BEGIN Input records

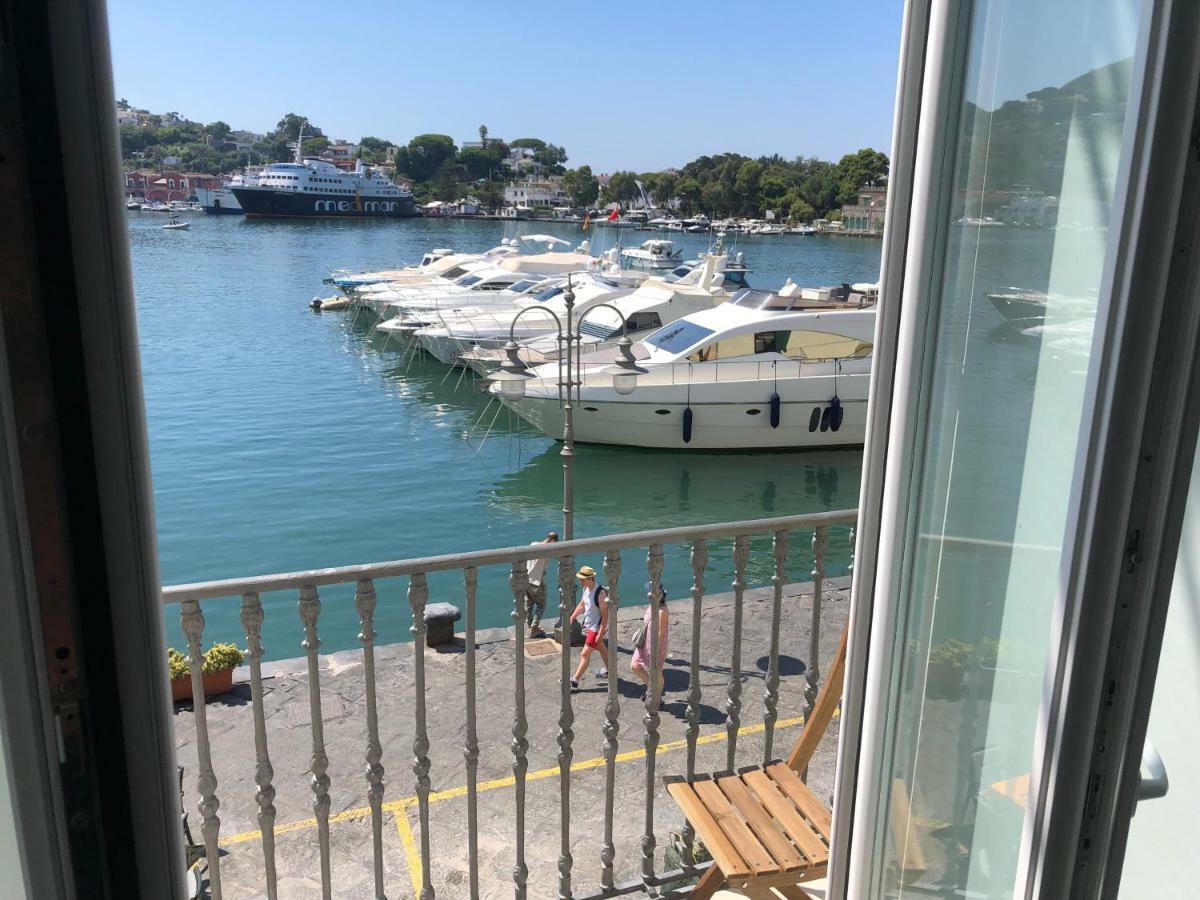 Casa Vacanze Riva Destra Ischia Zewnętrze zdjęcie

END Input records
BEGIN Input records

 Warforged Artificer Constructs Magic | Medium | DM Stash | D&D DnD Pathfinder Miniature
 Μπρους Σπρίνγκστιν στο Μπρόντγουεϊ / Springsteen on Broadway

END Input records
BEGIN Input records

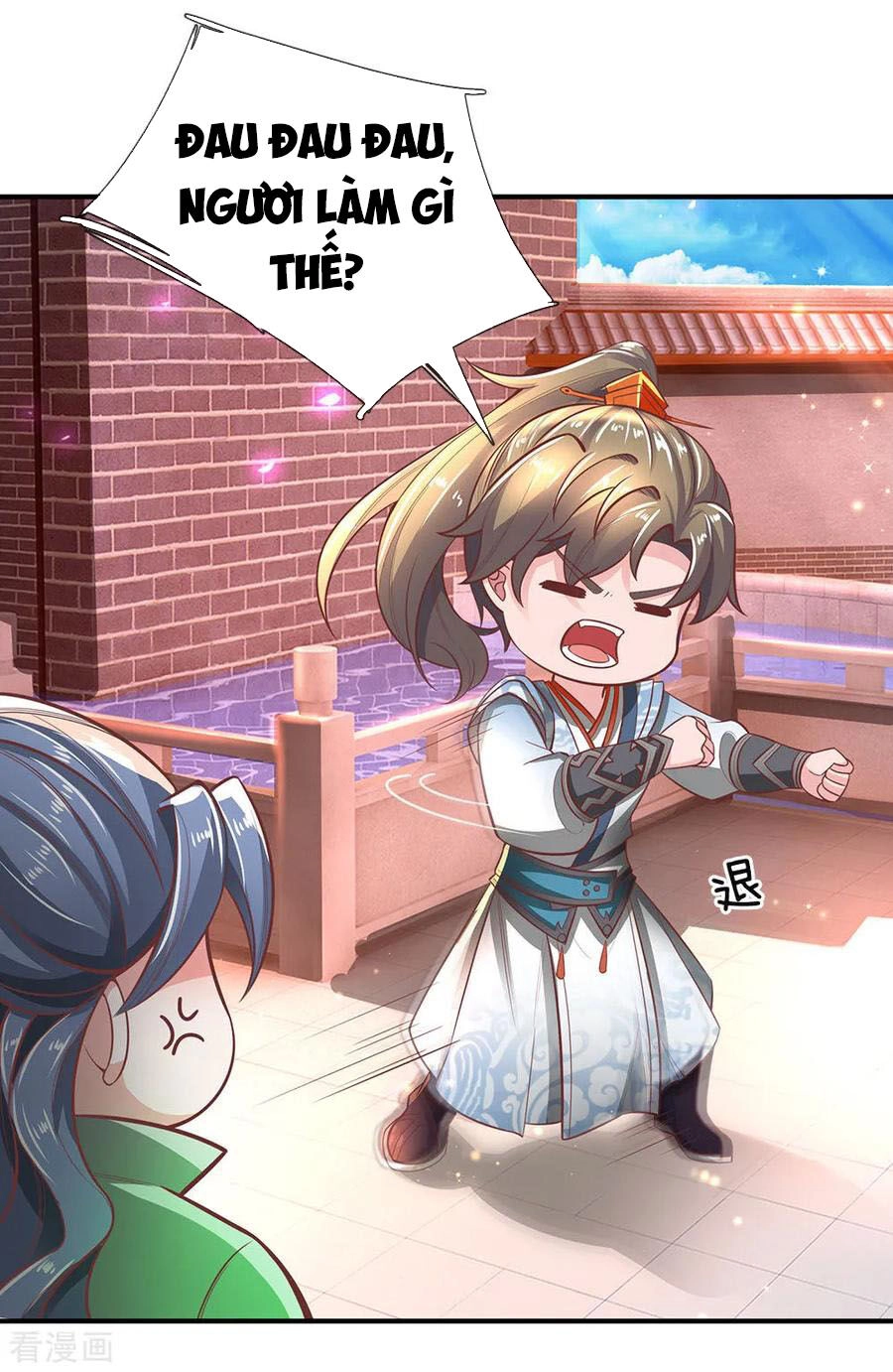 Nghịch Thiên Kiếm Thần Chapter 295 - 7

END Input records

**Prompt:** Please, from the entries above, set down exactly the lines from the one containing "Warforged Artificer Constructs" through the one containing "Μπρους Σπρίνγκστιν στο", and only those.

**Answer:**
 Warforged Artificer Constructs Magic | Medium | DM Stash | D&D DnD Pathfinder Miniature
 Μπρους Σπρίνγκστιν στο Μπρόντγουεϊ / Springsteen on Broadway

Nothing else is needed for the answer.